Problem description
Would you copy out the following entries exactly, without any of the pictures?

Information shown
[Start of Attachment]
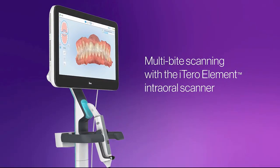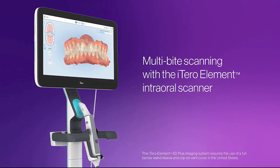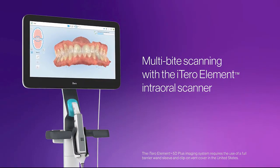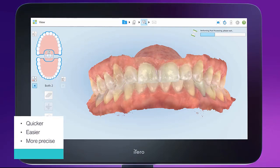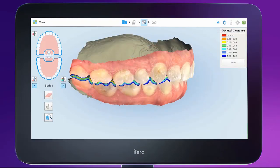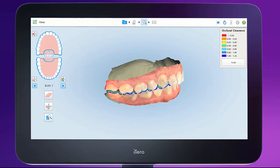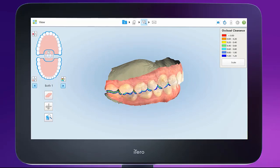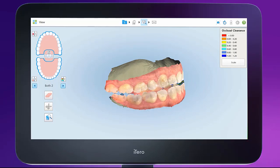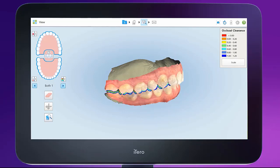Welcome to multi-bite scanning with the iTero Element intraoral scanner. The multi-bite feature makes it quicker, easier, and more precise when capturing and delivering bite information to the lab for appliance fabrication. This proprietary tool allows you to capture the bite in two positions, thereby enabling you to analyze and treat a patient who is using functional appliances.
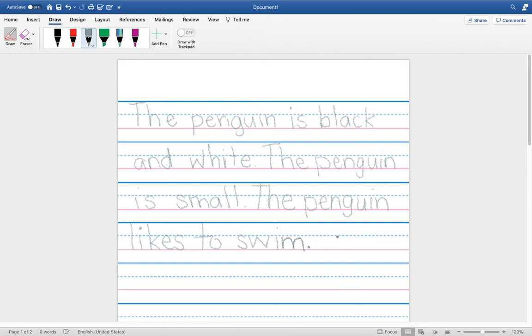Now you make a sentence about what your arctic animal does, and put it after your arctic animal size sentence. Then have your parents take a picture and send it to me.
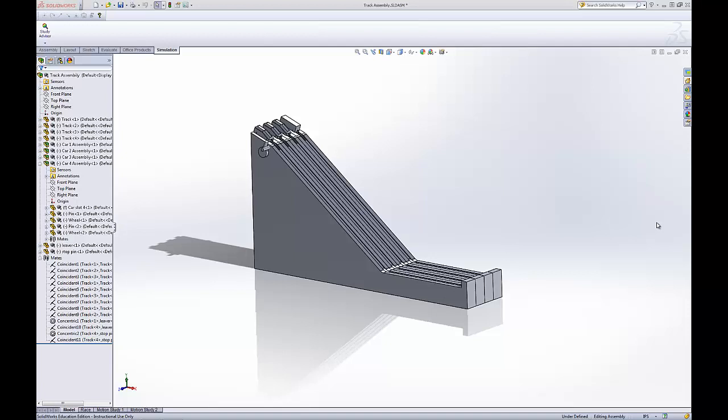Welcome to the SolidWorks tutorial on assemblies in this racetrack. In the previous video I showed you how to create a motion study using gravity.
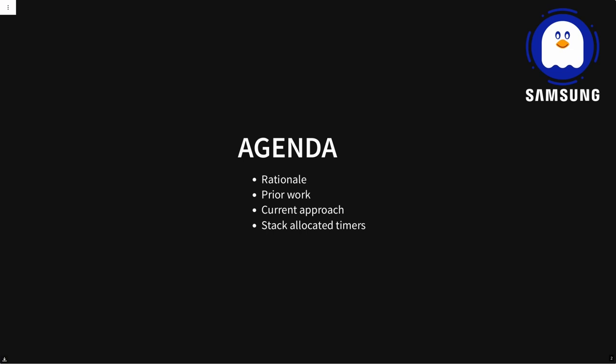The agenda is: why do this work for the HR timers, what has been done before, then I'll go into detail about the patches that are now on the list in version 2, and then a little bit about how we're going to handle allocating stuff on the stack that can't go away.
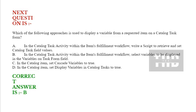Next question is: Which of the following approaches is used to display a variable from a requested item on a catalog task form? Option A: In the catalog task activity within the item's fulfillment workflow, write a script to retrieve and set catalog task field values.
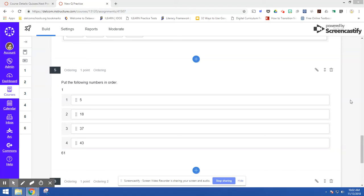One of the drag-and-drop options in Canvas Quizzes Next is the ordering question. With that, as the name implies, students are putting things in order.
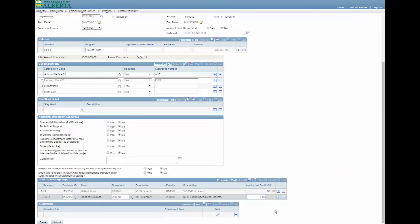If you choose Studentship as the request type, the U of A Co-Investigators section is replaced with a Studentship section, which is completed in the same way as the Co-Investigators section.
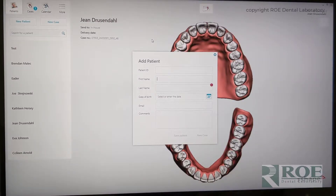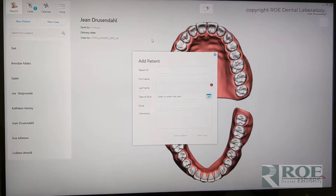This video is going to show how to scan for an iJIG single arch.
[End of Attachment]
Exercise solution
Welcome to multi-bite scanning with the iTero Element intraoral scanner. The multi-bite feature makes it quicker, easier, and more precise when capturing and delivering bite information to the lab for appliance fabrication. This proprietary tool allows you to capture the bite in two positions, thereby enabling you to analyze and treat a patient who is using functional appliances.
Now you make a sentence about what your arctic animal does, and put it after your arctic animal size sentence. Then have your parents take a picture and send it to me.
Welcome to the SolidWorks tutorial on assemblies in this racetrack. In the previous video I showed you how to create a motion study using gravity.
The agenda is: why do this work for the HR timers, what has been done before, then I'll go into detail about the patches that are now on the list in version 2, and then a little bit about how we're going to handle allocating stuff on the stack that can't go away.
Next question is: Which of the following approaches is used to display a variable from a requested item on a catalog task form? Option A: In the catalog task activity within the item's fulfillment workflow, write a script to retrieve and set catalog task field values.
One of the drag-and-drop options in Canvas Quizzes Next is the ordering question. With that, as the name implies, students are putting things in order.
If you choose Studentship as the request type, the U of A Co-Investigators section is replaced with a Studentship section, which is completed in the same way as the Co-Investigators section.
This video is going to show how to scan for an iJIG single arch.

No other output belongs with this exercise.